We are currently experiencing a service disruption in our Service Management API

Incident Report for Red Hat 3scale

Postmortem

On October 9th of 2019 we had a network partition on our AWS infrastructure. This triggered a failover on one shard of our data layer infrastructure at 7:59 UTC without issues. This layer is composed of different shards, and normally the failover occurs without any downtime.
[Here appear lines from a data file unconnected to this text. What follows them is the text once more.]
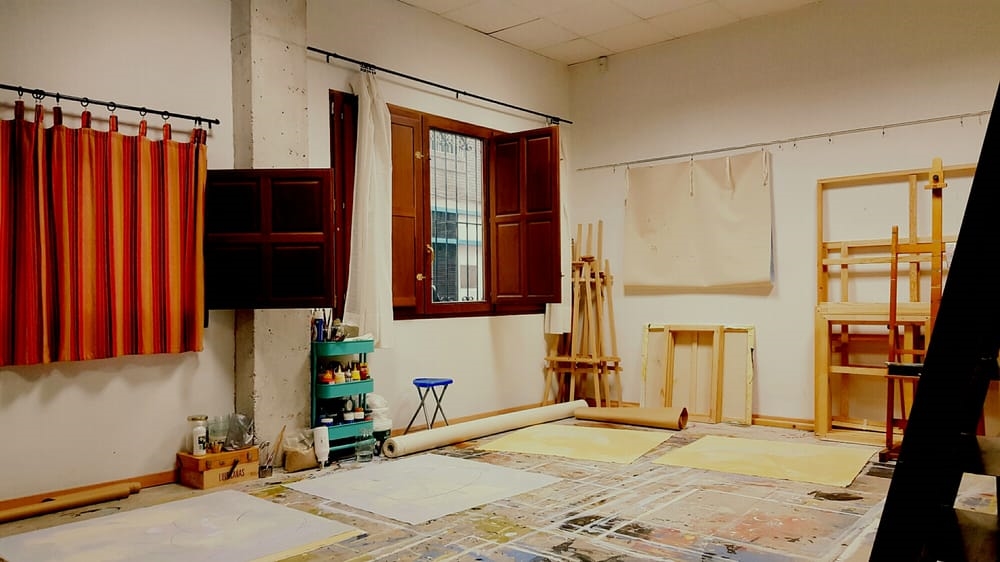 Art Gallery Taller de Arte Perceval Graells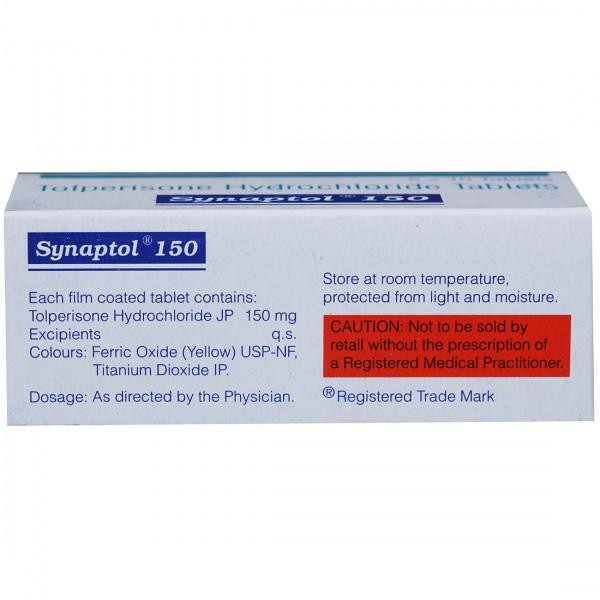 Synaptol 150 Tablet
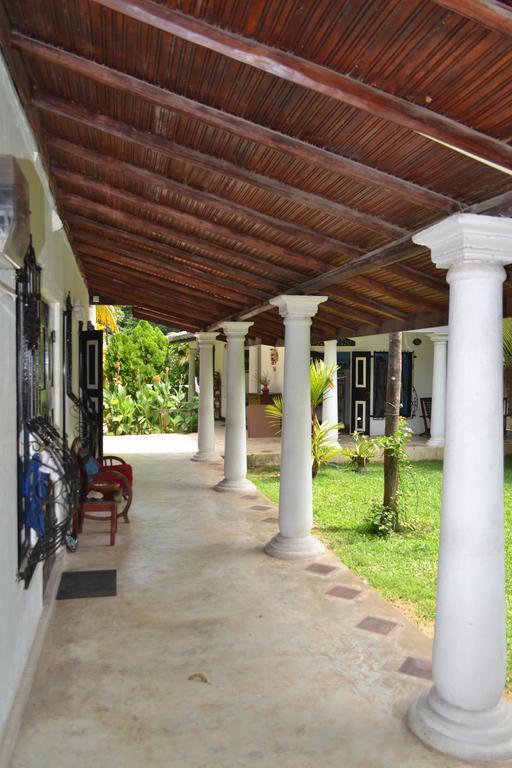 Paradise Garden Unawatuna Exterior foto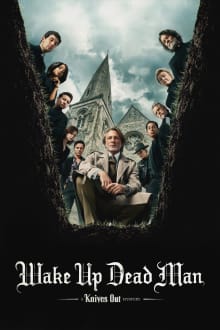 Wake Up Dead Man: A Knives Out Mystery (2025) poster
However in that case, 15 minutes after the failover (at 8:14 UTC), due to a memory issue, new shard master started to synchronize again from disk to memory, and during the next 7 minutes we had a downtime on Service Mamangement API, backend was not accepting requests, returning 5XX respondes code because of data layer issue.

Timeline:

Oct 9, 2019 07:59 UTC - network partition on one shard, master failover.
Oct 9, 2019 08:14 UTC - 15 minutes after failover (new shard master was working OK), new shard master synchronized again from disk to memory.
Oct 9, 2019 08:21 UTC - new shard master full synchronized again (on memory).

SLA:

Oct 9, 2019 08:14 UTC - Oct 9, 2019 08:21 UTC - backend not accepting requests - 5XX response codes returned because of data layer issue.
Oct 9, 2019 08:21 UTC - back to 100% traffic.

Root cause:

The initial trigger was a network partition failure in the AWS infrastructure which led to failover of one of the server instances in our database system.

Prevention actions:

Review failover process to shorten failover time.

Posted Oct 09, 2019 - 18:39 CEST

Resolved

This incident has been resolved.

Posted Oct 09, 2019 - 10:21 CEST

Investigating

Our operations team is working to identify the root cause and implement a solution.

Posted Oct 09, 2019 - 10:14 CEST

This incident affected: Service Management API.